Tra gli anni 1760-1761 Giuseppe Sanmartino realizzò diverse opere in stucco per la chiesa di Sant’Agostino della Zecca a Napoli: nell’abside realizzò un’opera monumentale che presenta una composizione piramidale, inondata da luce naturale, dove è raffigurato Sant’Agostino che calpesta l’Eresia e, ai lati, le figure allegoriche della Fede e della Carità.
Il santo mostra una maestosa gestualità, un vigore, una finezza di modellato e indossa sulla testa un piviale che sembra appena uscito da una di quelle botteghe orafe che lavoravano per Sanmartino.
Guardando poi l’Eresia che, urlando, si strappa i capelli, si riscontrano vari modelli culturali elaborati da Sanmartino e in particolare quelli dei più grandi Maestri della scultura romana quali Gian Lorenzo Bernini e Camillo Rusconi.
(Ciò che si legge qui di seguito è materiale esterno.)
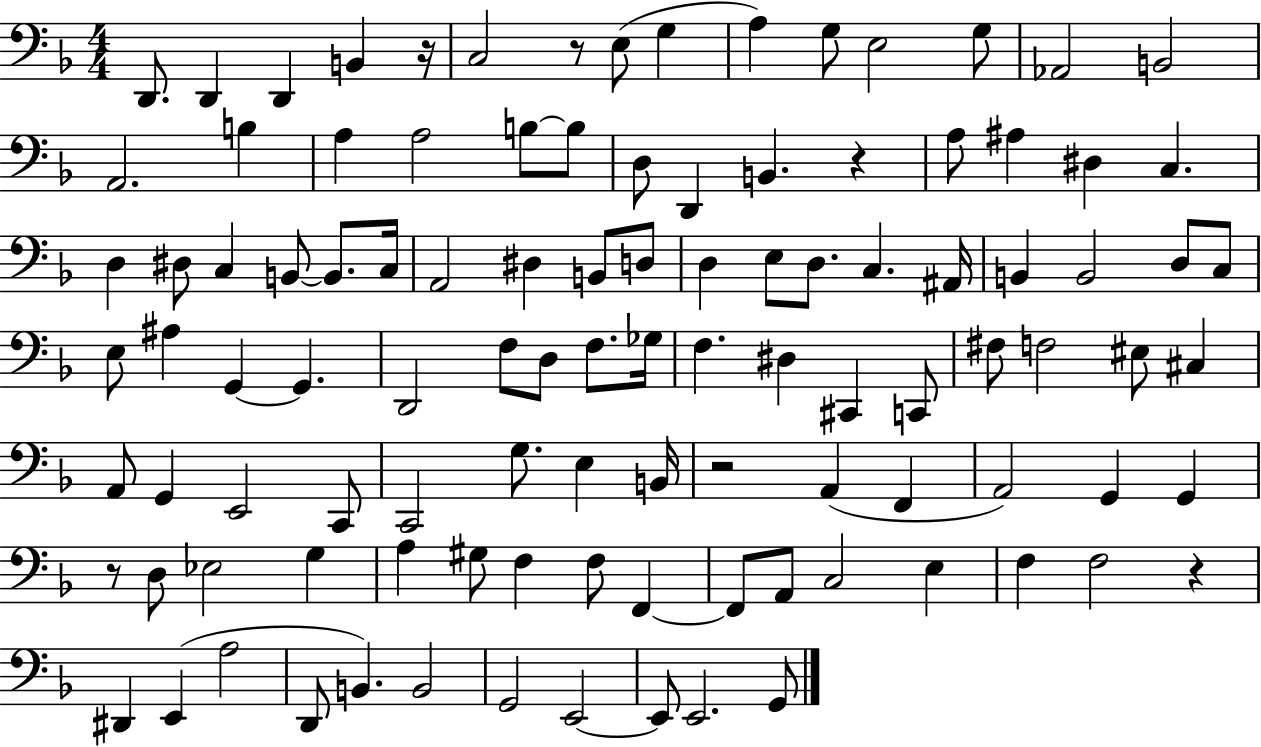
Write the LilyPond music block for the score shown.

{
  \clef bass
  \numericTimeSignature
  \time 4/4
  \key f \major
  d,8. d,4 d,4 b,4 r16 | c2 r8 e8( g4 | a4) g8 e2 g8 | aes,2 b,2 | \break a,2. b4 | a4 a2 b8~~ b8 | d8 d,4 b,4. r4 | a8 ais4 dis4 c4. | \break d4 dis8 c4 b,8~~ b,8. c16 | a,2 dis4 b,8 d8 | d4 e8 d8. c4. ais,16 | b,4 b,2 d8 c8 | \break e8 ais4 g,4~~ g,4. | d,2 f8 d8 f8. ges16 | f4. dis4 cis,4 c,8 | fis8 f2 eis8 cis4 | \break a,8 g,4 e,2 c,8 | c,2 g8. e4 b,16 | r2 a,4( f,4 | a,2) g,4 g,4 | \break r8 d8 ees2 g4 | a4 gis8 f4 f8 f,4~~ | f,8 a,8 c2 e4 | f4 f2 r4 | \break dis,4 e,4( a2 | d,8 b,4.) b,2 | g,2 e,2~~ | e,8 e,2. g,8 | \break \bar "|."
}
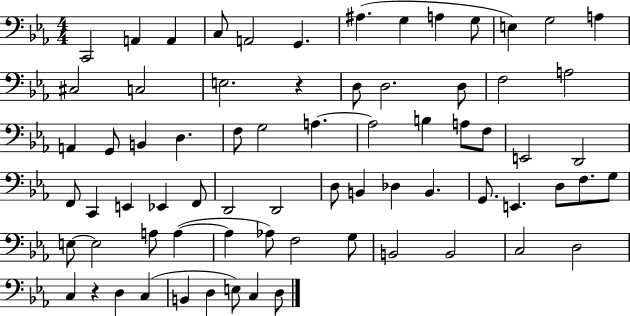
X:1
T:Untitled
M:4/4
L:1/4
K:Eb
C,,2 A,, A,, C,/2 A,,2 G,, ^A, G, A, G,/2 E, G,2 A, ^C,2 C,2 E,2 z D,/2 D,2 D,/2 F,2 A,2 A,, G,,/2 B,, D, F,/2 G,2 A, A,2 B, A,/2 F,/2 E,,2 D,,2 F,,/2 C,, E,, _E,, F,,/2 D,,2 D,,2 D,/2 B,, _D, B,, G,,/2 E,, D,/2 F,/2 G,/2 E,/2 E,2 A,/2 A, A, _A,/2 F,2 G,/2 B,,2 B,,2 C,2 D,2 C, z D, C, B,, D, E,/2 C, D,/2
D’ispirazione berniniana è non solo l’Eresia, ma anche la statua di Sant’Agostino, mentre la figura della Fede mostra invece piuttosto riferimenti alla statuaria antica.
Di notevole poeticità è infine la figura della Carità che mostra similitudini con le tante figure femminili elaborate da Sanmartino per i suoi presepi.
Angelo
Datazione: seconda metà del XVIII secolo,
misure: h. cm 43,8,
tecnica: testa in terracotta policroma, arti e ali di legno, corpo di filo avvolto in stoppa, tessuti vari,
collocazione: Metropolitan Museum, New York.
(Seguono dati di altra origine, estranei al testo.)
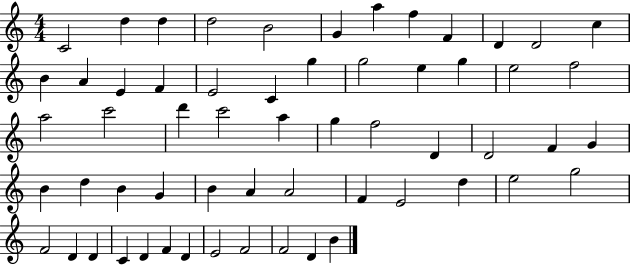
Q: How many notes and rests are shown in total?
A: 59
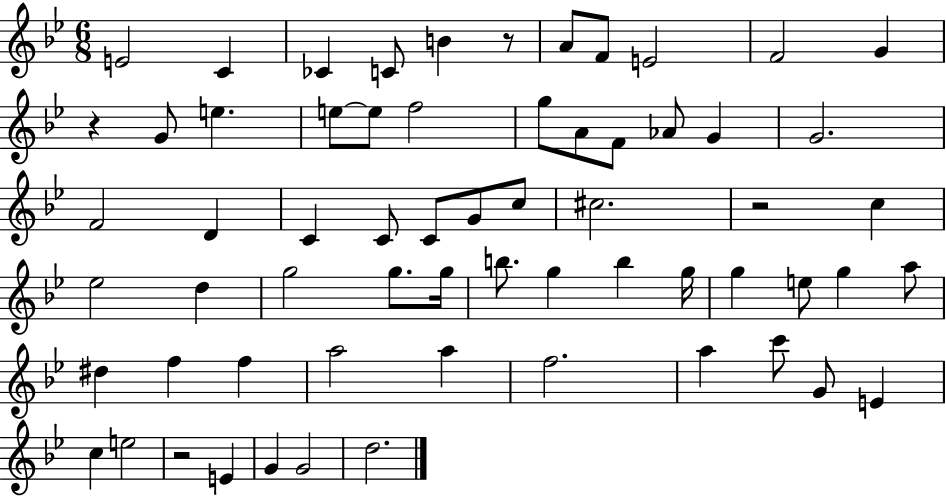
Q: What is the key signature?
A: BES major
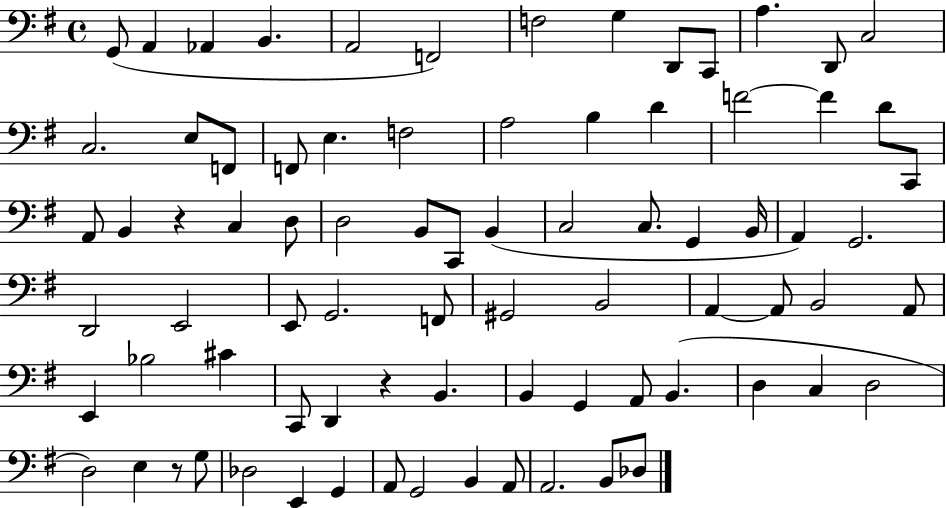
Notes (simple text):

G2/e A2/q Ab2/q B2/q. A2/h F2/h F3/h G3/q D2/e C2/e A3/q. D2/e C3/h C3/h. E3/e F2/e F2/e E3/q. F3/h A3/h B3/q D4/q F4/h F4/q D4/e C2/e A2/e B2/q R/q C3/q D3/e D3/h B2/e C2/e B2/q C3/h C3/e. G2/q B2/s A2/q G2/h. D2/h E2/h E2/e G2/h. F2/e G#2/h B2/h A2/q A2/e B2/h A2/e E2/q Bb3/h C#4/q C2/e D2/q R/q B2/q. B2/q G2/q A2/e B2/q. D3/q C3/q D3/h D3/h E3/q R/e G3/e Db3/h E2/q G2/q A2/e G2/h B2/q A2/e A2/h. B2/e Db3/e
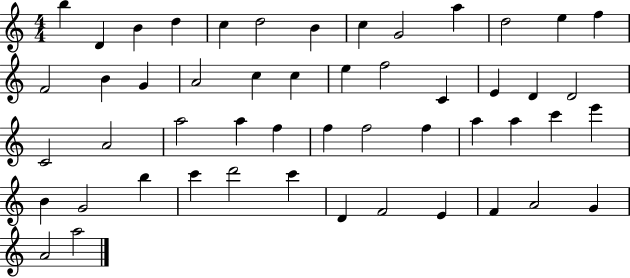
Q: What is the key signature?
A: C major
Nel 1964 Loretta Hines Howard donò al Metropolitan Museum di New York, più di centoquaranta presepi napoletani, realizzati nella seconda metà del Settecento.
In queste opere troviamo realizzate le ambientazioni tradizionali di un presepio napoletano: la Natività, con angeli, pastori e pecore; il corteo dei tre Magi, con il loro variopinto seguito di attendenti; e la folla varia e gaia di contadini e di città che affollava la taverna, o locanda, di Betlemme, l’albergo menzionato da San Luca, dove nella notte santa non c’era posto per Maria e Giuseppe.
Le statue presentano corpi fatti di stoppa e filo, le braccia e le gambe sono finemente scolpite nel legno, la testa e le spalle sono modellate in terracotta e accuratamente rifinite. Il loro abbigliamento, spesso arricchito da accessori, gioielli e ricami, fa parte del folklore e dei costumi settecenteschi.
Secondo una tradizione che sembra avvalorata da confronti stilistici con figure delle collezioni napoletane e del vasto patrimonio del Museo Nazionale Bavarese di Monaco, alcune delle simpatiche teste degli angeli sono da attribuire a Giuseppe Sammartino e ai suoi allievi, Salvatore di Franco, Giuseppe Gori e Angelo Viva, e una Lorenza Mosca (morta nel 1789), che fu attiva presso la Real Fabbrica di Porcellane di Capodimonte e la regia del Presepe Reale.
Presepio
Datazione: seconda metà del XVIII secolo,
misure: cm 30-40 (altezza delle figure),
tecnica: maiolica smaltata, dipinta, legno, stoppa,
collocazione: Bayerisches Nationalmuseum, Monaco di Baviera.
Max Schmederer, il collezionista di presepi di Monaco di Baviera, di fama mondiale, acquistò le figure di questo presepe prima del 1900 in un’asta di oggetti che appartenevano all’ex casa reale di Borbone-Sicilia.
Nel 1904 le donò al Bayerisches Nationalmuseum, complessi unici e spettacolari con i più fini dettagli decorativi, noti come finimenti, come, ad esempio, il “Corpo musicale turco” – una vera Adorazione dei Magi.
L’esotismo e lo splendore in mostra rendono chiaro come il mecenate e l’artista qui abbiano creato un’immagine contraria alla storia biblica: la stalla di Betlemme è diventata un palazzo barocco in marmo con un vasto entourage dall’aspetto orientale.